Múltipla escolha
Pedro J. Bondaczuk
A gaúcha, de descendência germânica, Lya Luft é, sem dúvida, uma
escritora madura, no melhor sentido de maturidade. Aos 79 anos de
idade (completará 80 em 15 de setembro), guarda, ainda, a ousadia e
o intenso vigor intelectual da juventude, mas agora alia a essa
característica um fator decisivo no campo das ideias e reflexões: a
experiência. Conta, pois, com uma dobradinha que é irresistível.
Essa escritora, que consegue nos encantar mesmo quando trata de temas
complexos e/ou dramáticos, começou sua brilhante – diria
fulgurante – carreira literária como tradutora de livros. Domina,
como poucos, além da língua pátria, o alemão e o inglês.

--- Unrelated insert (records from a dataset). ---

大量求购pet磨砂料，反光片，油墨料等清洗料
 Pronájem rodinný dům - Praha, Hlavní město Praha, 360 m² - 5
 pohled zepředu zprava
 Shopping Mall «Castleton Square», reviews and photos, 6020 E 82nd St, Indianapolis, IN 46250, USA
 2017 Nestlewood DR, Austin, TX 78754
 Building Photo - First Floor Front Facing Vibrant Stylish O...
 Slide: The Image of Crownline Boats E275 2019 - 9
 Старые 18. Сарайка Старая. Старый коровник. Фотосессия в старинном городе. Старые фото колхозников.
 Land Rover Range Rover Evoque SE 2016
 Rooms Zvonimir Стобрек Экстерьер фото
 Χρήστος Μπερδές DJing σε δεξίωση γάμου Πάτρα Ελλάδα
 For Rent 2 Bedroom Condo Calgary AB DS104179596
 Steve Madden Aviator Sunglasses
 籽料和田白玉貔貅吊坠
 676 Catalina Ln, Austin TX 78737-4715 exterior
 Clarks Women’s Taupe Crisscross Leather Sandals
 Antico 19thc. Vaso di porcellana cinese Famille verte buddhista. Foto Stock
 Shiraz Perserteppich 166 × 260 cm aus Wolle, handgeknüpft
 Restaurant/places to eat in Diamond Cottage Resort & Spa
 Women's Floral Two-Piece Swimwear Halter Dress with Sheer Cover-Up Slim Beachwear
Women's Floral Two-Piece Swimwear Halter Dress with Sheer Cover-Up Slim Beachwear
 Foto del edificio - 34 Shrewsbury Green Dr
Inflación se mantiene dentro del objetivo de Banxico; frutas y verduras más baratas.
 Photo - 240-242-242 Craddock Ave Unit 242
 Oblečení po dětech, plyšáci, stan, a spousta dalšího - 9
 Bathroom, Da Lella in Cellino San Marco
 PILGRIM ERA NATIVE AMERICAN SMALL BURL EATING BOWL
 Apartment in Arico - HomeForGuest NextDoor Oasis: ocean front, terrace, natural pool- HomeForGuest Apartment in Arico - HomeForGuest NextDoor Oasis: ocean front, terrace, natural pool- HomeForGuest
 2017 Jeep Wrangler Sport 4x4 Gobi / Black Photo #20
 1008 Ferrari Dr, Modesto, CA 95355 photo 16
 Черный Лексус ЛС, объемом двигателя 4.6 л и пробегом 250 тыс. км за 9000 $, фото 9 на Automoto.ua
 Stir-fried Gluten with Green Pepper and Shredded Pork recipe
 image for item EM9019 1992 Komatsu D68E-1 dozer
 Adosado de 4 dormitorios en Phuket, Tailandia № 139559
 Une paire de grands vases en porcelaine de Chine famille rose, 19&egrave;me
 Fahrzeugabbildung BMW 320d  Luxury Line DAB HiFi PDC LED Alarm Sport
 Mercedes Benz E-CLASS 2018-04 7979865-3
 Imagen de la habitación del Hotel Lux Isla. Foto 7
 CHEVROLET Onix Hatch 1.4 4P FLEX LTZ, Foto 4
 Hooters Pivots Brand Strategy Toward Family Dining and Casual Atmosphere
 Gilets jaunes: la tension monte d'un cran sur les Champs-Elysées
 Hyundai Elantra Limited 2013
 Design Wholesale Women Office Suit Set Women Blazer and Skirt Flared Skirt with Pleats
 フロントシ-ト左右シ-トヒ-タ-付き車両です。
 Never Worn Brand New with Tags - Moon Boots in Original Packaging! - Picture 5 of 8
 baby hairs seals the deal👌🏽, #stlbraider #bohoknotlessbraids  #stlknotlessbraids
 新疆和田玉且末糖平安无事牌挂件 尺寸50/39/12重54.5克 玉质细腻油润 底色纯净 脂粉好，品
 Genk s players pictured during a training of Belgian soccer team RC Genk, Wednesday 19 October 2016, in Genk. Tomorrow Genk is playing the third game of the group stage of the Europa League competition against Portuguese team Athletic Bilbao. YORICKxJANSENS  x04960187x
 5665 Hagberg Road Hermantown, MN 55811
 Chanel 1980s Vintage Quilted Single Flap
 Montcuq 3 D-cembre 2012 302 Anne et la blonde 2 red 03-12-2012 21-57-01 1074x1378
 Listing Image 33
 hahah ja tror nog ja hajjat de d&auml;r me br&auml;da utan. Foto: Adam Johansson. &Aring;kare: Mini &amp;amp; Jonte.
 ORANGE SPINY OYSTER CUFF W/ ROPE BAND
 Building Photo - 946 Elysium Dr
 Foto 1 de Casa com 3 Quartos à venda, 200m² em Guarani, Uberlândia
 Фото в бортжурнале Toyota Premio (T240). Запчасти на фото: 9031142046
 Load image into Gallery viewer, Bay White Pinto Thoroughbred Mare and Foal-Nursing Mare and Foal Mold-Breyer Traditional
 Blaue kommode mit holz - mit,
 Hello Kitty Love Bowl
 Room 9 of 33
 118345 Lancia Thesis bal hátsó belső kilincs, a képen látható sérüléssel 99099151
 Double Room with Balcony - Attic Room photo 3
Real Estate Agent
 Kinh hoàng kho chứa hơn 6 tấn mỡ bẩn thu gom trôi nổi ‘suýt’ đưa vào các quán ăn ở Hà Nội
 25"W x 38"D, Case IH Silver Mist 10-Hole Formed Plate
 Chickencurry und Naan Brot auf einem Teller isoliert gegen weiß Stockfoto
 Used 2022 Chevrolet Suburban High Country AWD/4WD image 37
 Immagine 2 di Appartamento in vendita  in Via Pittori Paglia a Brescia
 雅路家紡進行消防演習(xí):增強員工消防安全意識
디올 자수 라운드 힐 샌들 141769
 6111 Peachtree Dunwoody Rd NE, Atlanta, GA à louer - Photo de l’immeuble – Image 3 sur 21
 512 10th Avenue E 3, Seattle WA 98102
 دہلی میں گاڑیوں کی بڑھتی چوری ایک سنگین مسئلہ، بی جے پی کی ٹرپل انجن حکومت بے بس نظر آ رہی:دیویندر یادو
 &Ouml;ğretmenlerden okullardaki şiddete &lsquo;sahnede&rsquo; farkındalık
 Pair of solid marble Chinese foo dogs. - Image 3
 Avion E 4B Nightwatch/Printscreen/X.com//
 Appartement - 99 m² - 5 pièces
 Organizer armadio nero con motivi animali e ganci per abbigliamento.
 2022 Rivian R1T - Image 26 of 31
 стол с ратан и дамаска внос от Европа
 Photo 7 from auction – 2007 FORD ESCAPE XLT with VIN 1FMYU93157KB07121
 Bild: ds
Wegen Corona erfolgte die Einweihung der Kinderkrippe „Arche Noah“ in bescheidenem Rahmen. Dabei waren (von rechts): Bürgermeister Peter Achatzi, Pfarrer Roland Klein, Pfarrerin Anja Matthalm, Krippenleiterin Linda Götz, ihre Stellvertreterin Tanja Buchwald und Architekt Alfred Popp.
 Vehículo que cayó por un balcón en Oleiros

Descendente de alemães, o idioma de Goethe e de Schiller sempre lhe
foi sumamente familiar. Afinal, nasceu e se criou em uma região do
Rio Grande do Sul (em Santa Cruz do Sul) de colonização germânica.
Essa era, pois, a língua falada em casa, com os pais, com os amigos,
na rua, no mercado, na igreja etc. e, principalmente, na escola.
Com onze anos de idade, por exemplo, já mantinha estreitos vínculos
emocionais com os melhores entre os melhores. Ou seja, decorava, e
declamava, poemas de Goethe, de Schiller e de tantos e tantos outros
relevantes poetas alemães e, o que é mais importante, no idioma
original em que foram escritos.
Gosto de Lya Luft, tanto em verso, quanto em prosa. Encanta-me sua
forma de escrever e, notadamente, a temática que aborda. Aprecio sua
poesia vigorosa e seus contos, romances e crônicas precisos,
inteligentes, intelectualmente estimulantes e altamente reflexivos.
A propósito do seu estilo, ela mesma afirmou, certa feita, até para
desfazer possíveis equívocos: “Não existe essa de homem escrever
com vigor e mulher escrever com fragilidade”. E não existe mesmo.
Esse é um estereótipo, bastante difundido, mas que não condiz com
a verdade.
Afinal, o personagem Frankenstein é criação de uma escritora, a
inglesa Mary Shelley. Os melhores e mais instigantes romances de
mistério e de suspense saíram da inspirada pena de Agatha Christie,
que nos legou mais de 80 livros do gênero, contando histórias dos
mais ardilosos e cruéis assassinos e mais astutos e competentes
investigadores. Linguagem feminina? Uma ova!
Lya completou, a propósito de supostos textos “adocicados” das
mulheres: “Puta que pariu, não é assim! Isso não existe! É um
erro pensar assim. Eu sou uma mulher, faço tudo de mulher. Mas não
sou uma mulher que necessita de ajuda de um homem. Não necessito de
proteção de homem nenhum. Essas mulheres frageizinhas, que fazem
esse gênero, querem mesmo é explorar seus maridos. Isso entra
também na questão literária. Não existe isto de homem com escrita
vigorosa, enquanto as mulheres se perdem na doçura. Eu fico puta da
vida com isso. Eu quero escrever com o vigor de uma mulher. Não me
interessa escrever como homem”.
Lya Luft começou sua vitoriosa carreira literária publicando
poesias. Em 1964, por exemplo, lançou “Canções no limiar”. Em
1972, foi a vez de “Flauta doce”. Embora sendo poetisa vigorosa e
original, ganhou destaque mesmo na ficção. Em 1978, lançou seu
primeiro livro de contos, “Matéria do cotidiano” e a seguir, o
primeiro volume de crônicas, “As parceiras”. Muitas outras obras
vieram na sequência.
Escrevi tudo isso, apenas para destacar o mais recente livro dela que
li, de ensaio, “Múltipla escolha” (Editora Record), em que Lya
Luft apresenta a vida como um cenário de teatro de marionetes, com
muitas portas, que estavam ali, ou que nós desenhamos.
Algumas, se abrem. Outras, se fecham. Outras, ainda, se escancaram
sobre o abismo do nada. Não falarei mais nada sobre esta obra, para
não lhes tirar o prazer da leitura e da descoberta. Ou melhor,
deixarei que a própria Lya encerre estas considerações, pois sabe,
e faz isto, muito melhor do que eu.
Minha conterrânea afirma, na página 91 de “Múltipla escolha”:
“A humanidade, capaz de coisas grandiosas no campo da artes, das
descobertas científicas e da tecnologia, no campo emocional se
enreda e confunde. A irracionalidade toma conta, os mitos reclamam
sua parte, está feita a confusão nessa situação fundadora:
competição, inveja, ressentimento e imaturidade de todos os
envolvidos”. E não é o que acontece?